Thank you. Now back to work.

To the earliest Twine backers in 2011, those of you who just discovered us and everyone in between, thank you for funding Pickup.

This relationship we have on Kickstarter is special—there aren’t a lot of arenas where you can talk directly to the product makers, and where customers are willing to put down money for something that’s in progress. So we want to take care of that relationship, and hope you will too.

We’re going to try to update you every two to four weeks, depending on the ebb and flow of work. Hardware development has a lot of waiting because of supply chains for physical things like tooling and components, with a limited pool of companies that can do that work. (Maybe we should do a book club read of Christopher Mims’ book Arriving Today.) And all engineering has a lot of tedious time spent testing and debugging that is even more tedious to read about. 

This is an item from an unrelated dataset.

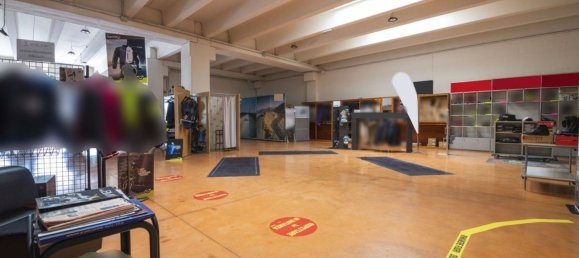 658m² Commercial property in Macerata, Italy No. 254668 6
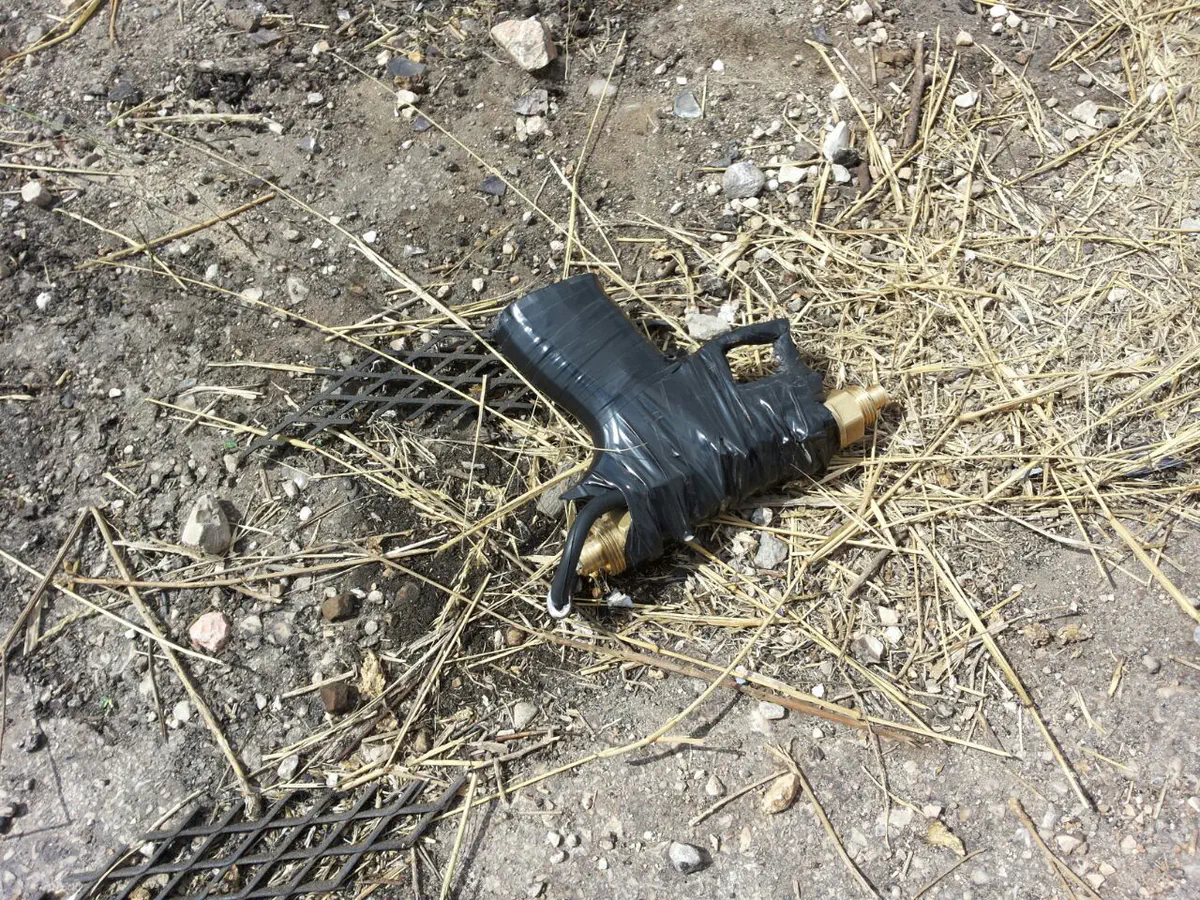 האקדח המאולתר שנתפס ברשות המחבל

Your comments have been encouraging and enlightening, and your end of the relationship is to keep talking to us. We’ll be posing questions when we want to set development priorities or understand how people will use a feature.

Component testing

Jeremy’s been busy testing a bunch of peripherals to settle on final components and make necessary adjustments if things aren’t performing as expected. He’s currently (no electrical pun intended) working on a power consumption test of different microphones for the onboard sound level sensor. Here’s some raw data coming from a Pickup prototype board. (Keep in mind, we don’t have the bandwidth or desire to capture audio, just the noise level over time.)

He’s also been ironing out the toolchain for firmware development. Our architecture is a little complex because we have two microcontrollers splitting duties to get better battery life, so all the work Jeremy can do up front to make updates to both of those fast and reliable will pay off as Pickup’s code and feature set gets more complicated. But like I said above, this is tedious. (I’d have more photos here but Kickstarter’s giving me trouble uploading them.)

Buttons in CAD

My load has been light on fun stuff lately since I’ve been hustling for the campaign, but I’m very happy to get back to work and put on my mechanical engineer hat. (Which looks a lot like a vintage Dunkin’ Donuts baseball cap today.)

I’ve been mulling over ways to improve several little mechanical features for manufacturing, and found a button assembly that I think may have better ingress protection against dust and moisture than the one we started with. I’m laying out where it goes in CAD (computer-aided design, i.e. a 3D program) so that Jeremy can add it to his next board revision to test, and then I’m going to deal with the changes that causes in the plastic parts. Overall, I’m just working through a list of case features to refine and test with 3D prints before we finalize the CAD.

I’m excited to have gotten a good quote from an injection molding facility about an hour away from us in Texas. It’s family-owned and easy to work with so far, so this is going to allow us to iterate quickly and keep a tight rein on quality.